Building height information is essential for determining urban morphology, urban planning studies, and manage sustainable growth. This study aims to use machine learning algorithms to estimate building heights from airborne LiDAR and spaceborne ICESat-2/ATLAS data. The performance of different machine learning algorithms was investigated when analyzing ICESat-2/ATLAS and airborne LiDAR data. The accuracy of building height information was compared with field measurements. Machine learning algorithms such as K-Nearest Neighbors (K-NN), Random Forest (RF), Support Vector Machines (SVM), Artificial Neural Networks (ANNs), and Random Sample and Consensus (RANSAC) were used to classify spaceborne and airborne LiDAR data. Among all the algorithms applied to ICESat-2/ATLAS, the RF algorithm provided the best results for the strong and weak beams with 0.9683 and 0.9614, respectively.
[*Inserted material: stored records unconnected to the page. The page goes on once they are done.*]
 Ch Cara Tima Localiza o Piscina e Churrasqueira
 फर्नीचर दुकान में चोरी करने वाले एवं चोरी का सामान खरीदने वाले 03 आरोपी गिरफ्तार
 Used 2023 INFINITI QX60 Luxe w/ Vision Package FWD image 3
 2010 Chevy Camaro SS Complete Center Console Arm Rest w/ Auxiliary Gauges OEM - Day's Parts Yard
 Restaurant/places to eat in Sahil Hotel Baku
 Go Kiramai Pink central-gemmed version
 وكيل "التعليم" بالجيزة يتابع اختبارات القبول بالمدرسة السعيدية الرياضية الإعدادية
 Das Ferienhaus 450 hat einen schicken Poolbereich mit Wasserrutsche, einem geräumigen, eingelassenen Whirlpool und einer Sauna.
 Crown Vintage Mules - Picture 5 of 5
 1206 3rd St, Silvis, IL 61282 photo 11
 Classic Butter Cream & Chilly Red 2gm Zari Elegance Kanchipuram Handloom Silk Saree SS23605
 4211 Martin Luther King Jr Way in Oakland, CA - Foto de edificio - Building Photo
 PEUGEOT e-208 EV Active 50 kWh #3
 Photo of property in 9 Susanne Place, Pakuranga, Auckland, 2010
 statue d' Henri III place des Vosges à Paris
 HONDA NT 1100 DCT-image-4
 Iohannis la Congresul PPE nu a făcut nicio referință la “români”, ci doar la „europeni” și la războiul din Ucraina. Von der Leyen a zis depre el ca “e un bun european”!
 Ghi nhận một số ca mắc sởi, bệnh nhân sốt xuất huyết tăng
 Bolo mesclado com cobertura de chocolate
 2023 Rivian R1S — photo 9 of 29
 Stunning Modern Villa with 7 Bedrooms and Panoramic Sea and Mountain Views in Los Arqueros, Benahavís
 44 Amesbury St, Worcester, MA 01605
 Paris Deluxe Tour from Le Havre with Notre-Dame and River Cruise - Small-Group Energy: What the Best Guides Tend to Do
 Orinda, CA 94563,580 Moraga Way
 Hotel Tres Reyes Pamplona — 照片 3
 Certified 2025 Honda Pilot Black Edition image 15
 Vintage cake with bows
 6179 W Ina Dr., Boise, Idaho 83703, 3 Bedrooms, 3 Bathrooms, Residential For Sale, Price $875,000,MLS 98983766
The K-NN yielded the best result for the airborne LiDAR dataset with 0.9999. Statistical analyzes were applied to both LiDAR datasets. The results of statistical analyzes for the pair of field measurement and ICESat-2 were R² = 0.9894, RMSE = 0.4131, MSE = 0.1706, MAE = 0.3184, and ME = 0.0003; for the pair of field measurement and airborne LiDAR: R² = 0.8368, RMSE = 1.9646, MSE = 3.8597, MAE = 1.0586, and ME = -0.3450; and for the pair of airborne LiDAR and ICESat-2: R² = 0.8275, RMSE = 1.6664, MSE = 2.7770, MAE = 0.9040, and ME = 0.4598. As a result of the analysis, it was seen that the data obtained from the ICESat-2 system was successful in estimating building height and provided reliable data.